Какие на хрен антивоенные акции? Он думает о том, где на «доширак» завтра деньги найти, чтобы дети с голоду не сдохли. Поэтому то, что наша страна, имея колоссальные ресурсы и возможности, так их и не использовала для того, чтобы поднять уровень жизни населения — это преступление. А вместо этого наращивала силовой аппарат, чиновников и выстраивала фортификационные сооружения вокруг Кремля, чтобы, не дай бог, никто не покусился на священную власть. Вот это преступление настоящее.
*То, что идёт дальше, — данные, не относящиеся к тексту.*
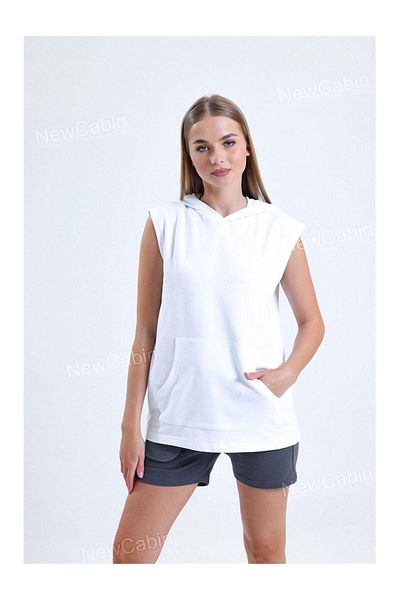 NewCabin Tricou sport alb cu glugă, cu potrivire relaxată, sezon nou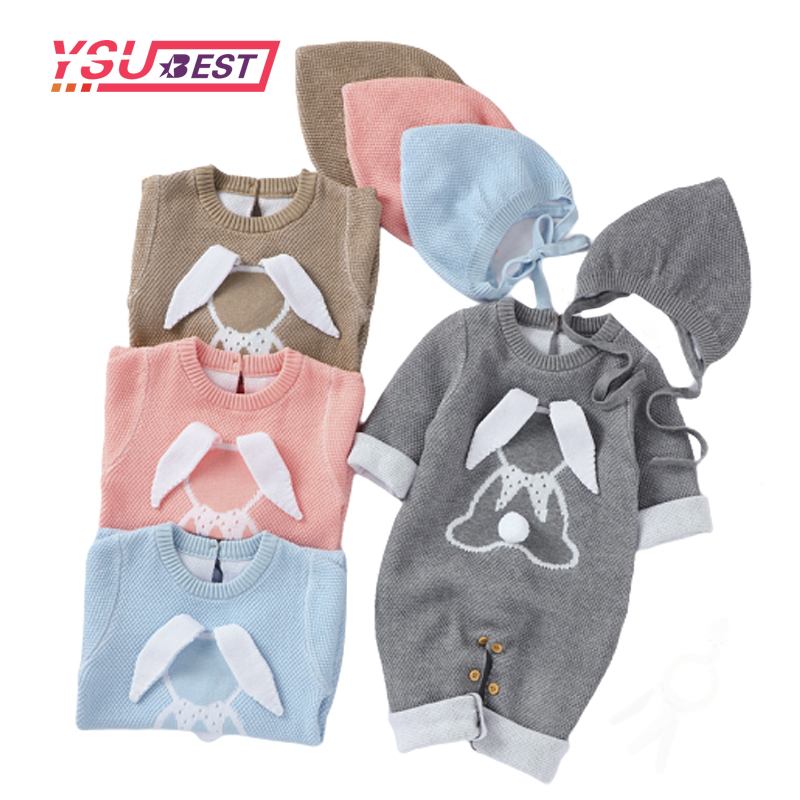 

Baby Rompers Autumn Winter Newborn Clothes Ear Knitted Infant Boy Girl Jumpsuits +Hat Outfits Children Knitwear 1-2Yrs, 82w529 white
Вы меня спросили про ответственность — конечно, ответственность у людей есть, но всё-таки давайте не будем забывать, в каком положении находятся эти люди. И такое высокомерное, интеллигентское брюзжание, какой народ хреновый, я бы всё-таки поостерегался высказывать. Да, люди у нас не понимают, к сожалению, что свобода — это высшая ценность, за которую нужно так же сражаться, как за то, чтобы у тебя колбаса была и деньги на пропитание. Это вещи, которые на самом деле идут вместе — люди у нас этого не понимали и променяли «свободу на колбасу», как говорится. И теперь мы расплачивается за то, что мы всё это время жили без свободы, что власть концентрируется в одних руках, и вот, к чему это приводит.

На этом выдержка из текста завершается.